Tomorrow on my 48th birthday, I'd like to think that my best friend will look down on me from heaven and bless me with her kind thoughts and hope for a better year in 2009.
Last year she sent me a beautiful celtic-knotwork leather appointment book and a shamrock book mark that I still use. But Muff was thoughtful like that, she was always finding a book I'd like, or a journal, or something celtic-looking that she knew I would love and then sending it to me on a whim. She practiced random acts of kindness, generosity and beauty all the time, and, though I tried, I felt that I could never overtake her in the race to procure and send the perfect gift or surprise.
It always amazed me that she had such an eye for quality. Muff could spot a cheap knock off a hundred miles away. She always preferred to buy things that were handmade, well written, intelligently designed or just plain beautiful.
She once scolded me for giving a bottle of shampoo that I'd already opened and tried (and disliked) to a food and sundries drive for the homeless. "Why would you give the homeless something that wasn't good enough for you? Don't they deserve quality products that work well, too?" I burned with shame for days after that incident.
Muff enjoyed Christmas, too, and was always regaling me with tales of the gifts she and her siblings purchased for one another. I gather it has already snowed quite a bit in Iowa, so they won't have to worry about a white Christmas, but ours isn't coming until this weekend, when we're supposed to get a light dusting of snow that is sure to send the city into a state of panic, because no one in Seattle or surrounding burbs has any idea how to deal with the white stuff.
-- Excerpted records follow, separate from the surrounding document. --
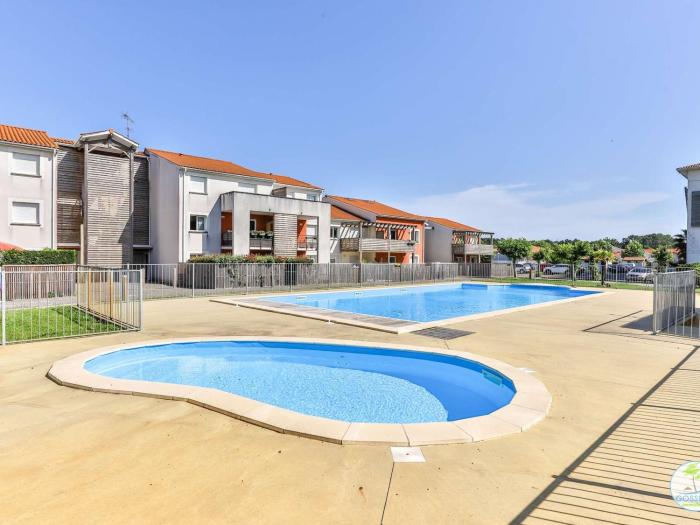 Appartement avec piscine - 5 pers. - FR-1-877-16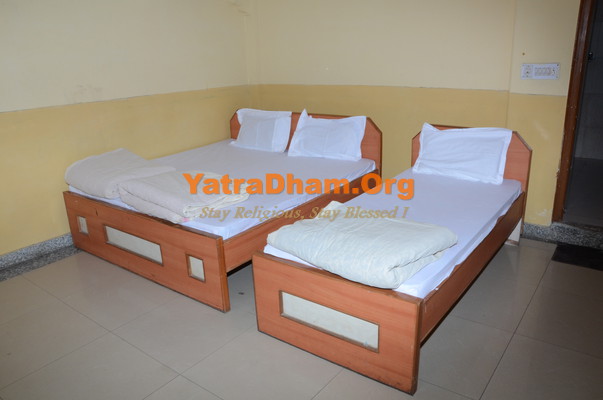 Panchayati_Dharamshala_Double Bed_A/c. Room_View1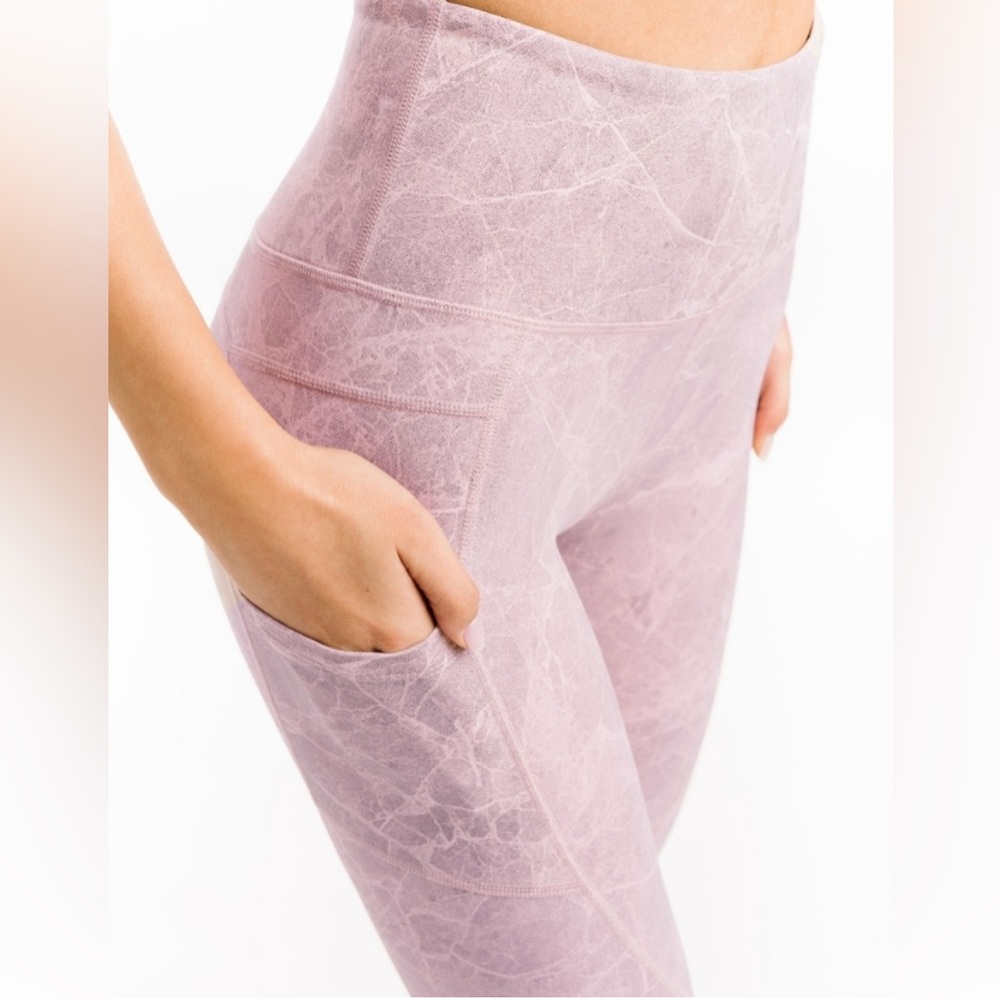 Zyia Pink Digital Granite Pocket Light N Tight Hi-Rise 7/8 leggings size 4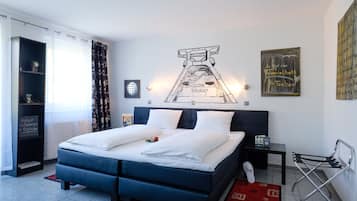 Standard-Doppelzimmer | Allergikerbettwaren, Zimmersafe, Schreibtisch, Verdunkelungsvorhänge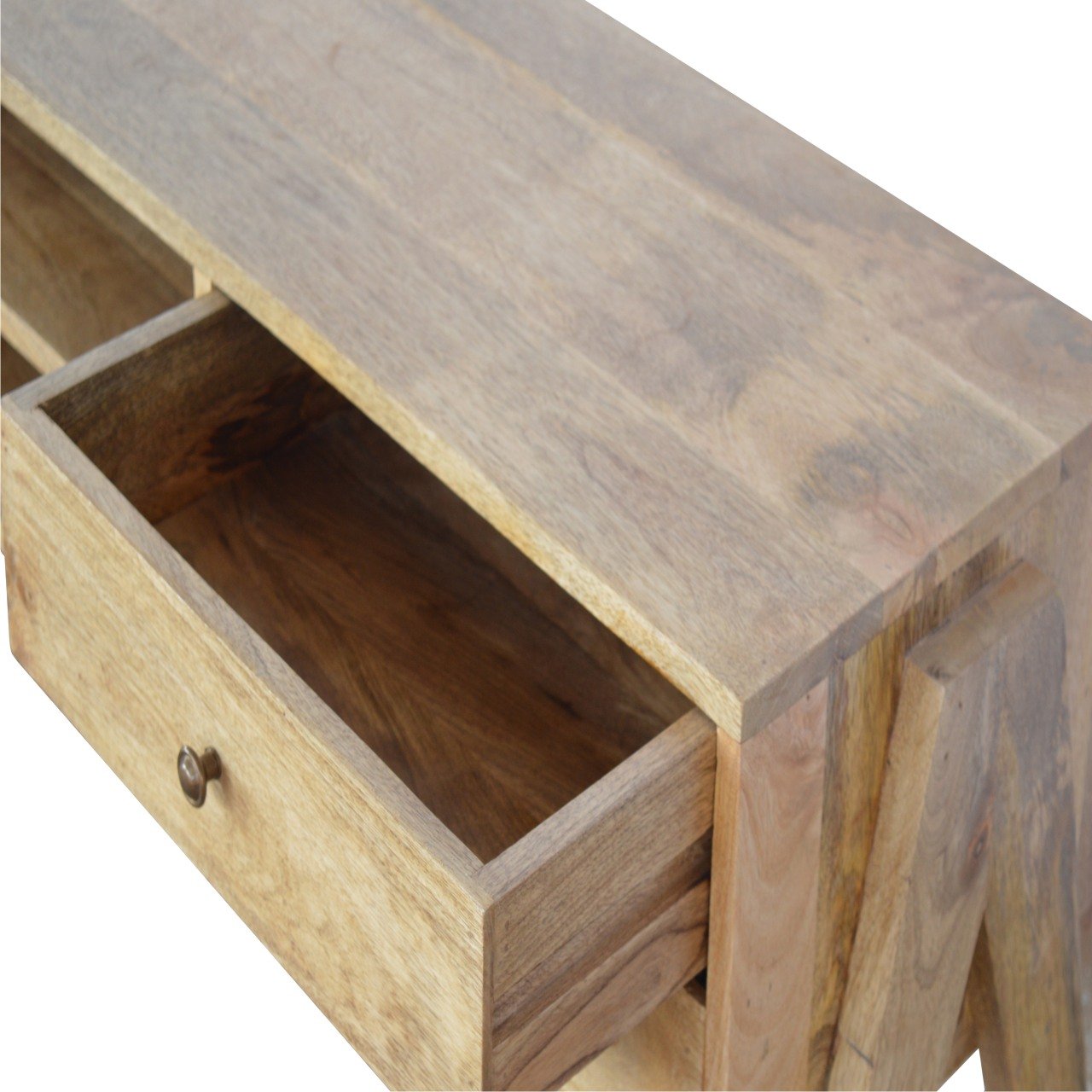 Trestle Media Unit - Luxe Home Comforts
It immobilizes them every year.
But this year I will be prepared, hot tea at the ready, books lined up to read and snuggly blankets deployed on my person in case I am snowed in for the weekend. I'd like to think of Muff in heaven doing the same thing, sitting quietly and reading, enjoying a hot cup of tea and musing over her latest re-reading of Barchester Towers. If only St Peter handed out cell phones to new arrivals, I could chat with her on Christmas eve as the snow was falling, and we'd laugh together about life, love, and good books. I miss you, my friend.